Nithish Kannen

Thanks for visiting. Currently, I am a researcher (AI resident) at Google DeepMind. I am interested in enabling models to become natively multimodal—learning from and integrating multiple modalities as seamlessly as humans do. I am also excited by pluralistic alignment: aligning multimodal models to reflect the diverse preferences and intentions of individuals across different cultures. Beyond these areas, I am always excited to explore new topics and challenges in AI research.

Previously, I was with Amazon Alexa AI in London working on machine learning for ranking and recommendation. Before that, I graduated with an Integrated Masters (BS + MS) in EECS ( Electrical and Computer Science Engineering ) from IIT Kharagpur . I did my Masters Thesis with Prof. Pawan Goyal at CNeRG Lab which is now published at EMNLP 2023 (Findings). My Masters Thesis was awarded the Best Project Award amongst 2023 graduating students.

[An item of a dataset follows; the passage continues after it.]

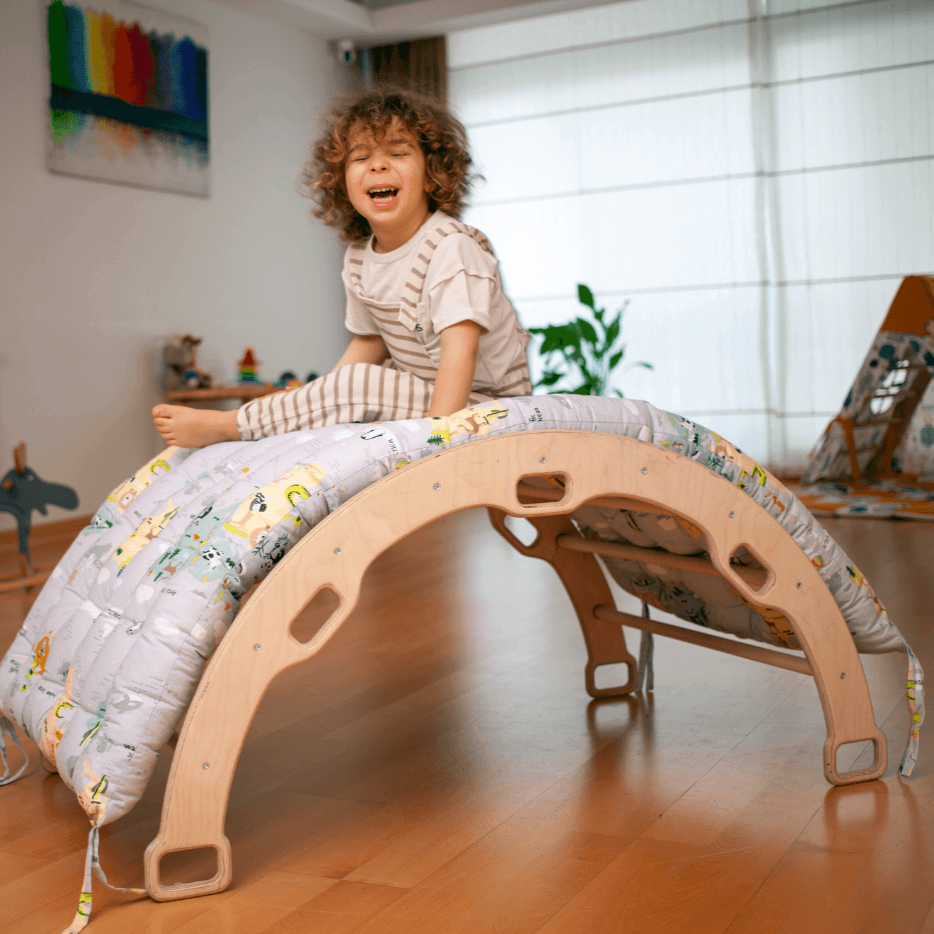 Climbing Arch / Rocker with Pillow Set / Large Size Kidodido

I have interned with Amazon Science in Berlin and IBM Research in Bangalore. I recieved the Outstanding Intern Award at IBM Research. For more details about my interests, please refer to the Research section and my resume. I am always on the lookout for research opportunities and collaborations and welcome comments and thoughts on my work.

Email / CV / LinkedIn / GitHub / Google Scholar

News

[Jan' 25] Code for our recent tech report on Proactive T2I agents is released in Github!! Do check it out.
[Dec' 24] [Paper] We have a tech report on Proactive Agents for Text-to-Image Models under Uncertainty on Arxiv! Excited to see how the community builds on this.
[Dec' 24] Attending NeurIPS to present CUBE! See you in Vancouver :)
[Sep' 24] [Paper] Our paper Beyond Aesthetics: Cultural Competence in Text-to-Image Models accepted to NeurIPS 2024!.
[Sep' 24] [Paper] Our paper Efficient Pointwise-Pairwise Learning to Rank for Recommendation accepted to EMNLP 2024 (Findings).
[Sep' 24] [Talk] Gave a talk at ODSC Europe on Cultural Competence in Multimodal Models
[Aug' 24] [Talk] Gave a talk at IBM Research on Leveraging Complementary Strengths of Heterogenous Sources in Machine Learning.
[Jul' 24] [Paper] Checkout our new preprint on Cultural Competence in Text-to-Image Mdoels.
[May ' 24] Now in Google Deepmind as part of the foundational research unit led by Zoubin Ghahramani. Will be continuing my focus on Vison-Language models.
[Jan ' 24] [Talk] Gave a talk at NLU reading group on Vision-Language Models: Evaluation and Cultural Lens at Google Research India . Slides.
[Dec ' 23] Serving as a reviewer for NAACL 2024
[Dec ' 23] My Masters Thesis was awarded the Best Project Award of the graduating batch in 2023!
[Dec ' 23] I will be in Singapore for EMNLP 2023 from 4th to 12th Dec. Come say hi!
[Nov ' 23] I moved to Google Research whre I would be focussing on Multi-modal AI!
[Oct ' 23] [Paper] Super stoked to have 2 papers accepted at EMNLP 2023!! Details Soon. See you in Singapore.
[Aug ' 23] [Talk] Gave a talk on NLP Conspiracy Theories in IXT-Science Reading group at Alexa AI.
[Aug ' 23] Served as a reviewer for EMNLP 2023
[Jun ' 23] Joined Amazon Alexa AI in London/Cambridge, UK
[Apr ' 23] Stoked to receive admission into Language Technology Institute (LTI) at Carnegie Mellon University (CMU) for graduate studies!
[Apr ' 23] Checkout my Master's Thesis that got nominated for Best Thesis award. Find the presentation here
[Oct ' 22] Scored 115/120 at TOEFL.
[Aug '22] Gave a talk at the NLU-GE-Science (Golden Eagle) reading group at Amazon on recent counter-intuitive findings in Prompting Literature. Check out the slides
[Jun '22] Excited to be spending a summer at Amazon Research with the Alexa AI-NLU IFS team in Berlin!
[May '22] Received Student Voulunteer Award at ACL 2022 .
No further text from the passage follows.